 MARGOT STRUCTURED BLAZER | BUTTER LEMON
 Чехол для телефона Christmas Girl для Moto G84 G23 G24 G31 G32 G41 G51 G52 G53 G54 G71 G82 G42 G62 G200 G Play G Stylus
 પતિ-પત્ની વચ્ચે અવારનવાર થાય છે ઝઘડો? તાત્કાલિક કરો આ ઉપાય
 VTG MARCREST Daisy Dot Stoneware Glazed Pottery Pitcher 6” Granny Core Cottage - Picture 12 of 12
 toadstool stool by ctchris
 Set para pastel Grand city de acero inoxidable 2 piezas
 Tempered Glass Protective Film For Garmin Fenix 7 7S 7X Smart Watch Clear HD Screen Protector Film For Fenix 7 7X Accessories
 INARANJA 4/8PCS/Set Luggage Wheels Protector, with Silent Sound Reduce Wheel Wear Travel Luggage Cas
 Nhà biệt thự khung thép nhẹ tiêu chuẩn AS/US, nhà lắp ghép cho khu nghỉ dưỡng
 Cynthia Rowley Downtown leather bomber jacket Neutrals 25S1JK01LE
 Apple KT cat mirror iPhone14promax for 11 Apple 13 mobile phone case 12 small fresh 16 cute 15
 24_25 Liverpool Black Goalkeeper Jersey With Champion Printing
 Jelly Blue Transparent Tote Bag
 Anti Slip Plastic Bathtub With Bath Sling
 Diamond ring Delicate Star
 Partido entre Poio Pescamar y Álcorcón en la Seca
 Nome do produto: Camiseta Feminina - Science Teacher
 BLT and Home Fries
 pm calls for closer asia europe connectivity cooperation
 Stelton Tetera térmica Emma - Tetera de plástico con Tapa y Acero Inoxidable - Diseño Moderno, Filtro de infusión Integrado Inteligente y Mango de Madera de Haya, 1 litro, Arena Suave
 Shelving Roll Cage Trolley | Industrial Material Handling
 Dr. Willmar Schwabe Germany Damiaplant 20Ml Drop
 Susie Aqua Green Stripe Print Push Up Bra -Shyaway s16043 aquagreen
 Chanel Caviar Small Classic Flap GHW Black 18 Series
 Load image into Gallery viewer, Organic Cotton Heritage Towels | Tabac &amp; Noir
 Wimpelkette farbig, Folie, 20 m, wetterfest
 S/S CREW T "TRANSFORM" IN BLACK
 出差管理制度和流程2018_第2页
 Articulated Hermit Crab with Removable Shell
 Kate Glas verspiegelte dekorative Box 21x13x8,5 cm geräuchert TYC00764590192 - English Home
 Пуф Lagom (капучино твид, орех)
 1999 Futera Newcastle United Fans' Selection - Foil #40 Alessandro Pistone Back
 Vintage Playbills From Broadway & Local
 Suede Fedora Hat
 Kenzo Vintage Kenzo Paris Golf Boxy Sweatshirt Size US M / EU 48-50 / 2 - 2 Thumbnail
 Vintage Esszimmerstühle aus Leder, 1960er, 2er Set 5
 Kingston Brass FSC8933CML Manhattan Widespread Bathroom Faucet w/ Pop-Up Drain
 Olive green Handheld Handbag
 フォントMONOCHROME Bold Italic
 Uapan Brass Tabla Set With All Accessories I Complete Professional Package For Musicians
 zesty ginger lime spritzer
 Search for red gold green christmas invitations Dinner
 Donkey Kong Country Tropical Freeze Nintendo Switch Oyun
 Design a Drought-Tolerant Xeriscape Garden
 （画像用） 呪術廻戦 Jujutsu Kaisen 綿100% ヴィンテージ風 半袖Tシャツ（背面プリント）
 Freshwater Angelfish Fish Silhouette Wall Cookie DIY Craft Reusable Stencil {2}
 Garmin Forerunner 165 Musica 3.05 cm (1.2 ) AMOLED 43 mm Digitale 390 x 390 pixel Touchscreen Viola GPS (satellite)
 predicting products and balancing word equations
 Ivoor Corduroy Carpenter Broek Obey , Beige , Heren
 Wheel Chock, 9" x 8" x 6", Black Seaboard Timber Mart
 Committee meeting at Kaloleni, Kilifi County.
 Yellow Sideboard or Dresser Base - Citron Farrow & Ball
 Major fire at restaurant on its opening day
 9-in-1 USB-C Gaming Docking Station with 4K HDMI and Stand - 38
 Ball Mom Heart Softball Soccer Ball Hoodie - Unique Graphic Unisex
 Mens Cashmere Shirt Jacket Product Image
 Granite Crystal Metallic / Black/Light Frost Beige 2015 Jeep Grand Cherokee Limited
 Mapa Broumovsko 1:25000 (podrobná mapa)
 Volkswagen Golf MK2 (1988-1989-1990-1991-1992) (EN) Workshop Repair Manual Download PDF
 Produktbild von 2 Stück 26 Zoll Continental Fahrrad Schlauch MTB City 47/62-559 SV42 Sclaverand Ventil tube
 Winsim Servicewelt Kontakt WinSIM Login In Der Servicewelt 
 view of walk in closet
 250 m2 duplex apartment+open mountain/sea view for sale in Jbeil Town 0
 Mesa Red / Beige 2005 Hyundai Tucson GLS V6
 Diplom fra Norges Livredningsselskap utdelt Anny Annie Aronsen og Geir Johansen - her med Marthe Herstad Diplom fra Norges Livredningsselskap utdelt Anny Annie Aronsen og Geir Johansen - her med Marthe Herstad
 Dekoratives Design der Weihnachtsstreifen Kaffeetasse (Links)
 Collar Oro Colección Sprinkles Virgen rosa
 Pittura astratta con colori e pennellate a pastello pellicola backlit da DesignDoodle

# # # #

Identify each line in the records above that contains the word "Garmin", and copy it out in full.

 Tempered Glass Protective Film For Garmin Fenix 7 7S 7X Smart Watch Clear HD Screen Protector Film For Fenix 7 7X Accessories
 Garmin Forerunner 165 Musica 3.05 cm (1.2 ) AMOLED 43 mm Digitale 390 x 390 pixel Touchscreen Viola GPS (satellite)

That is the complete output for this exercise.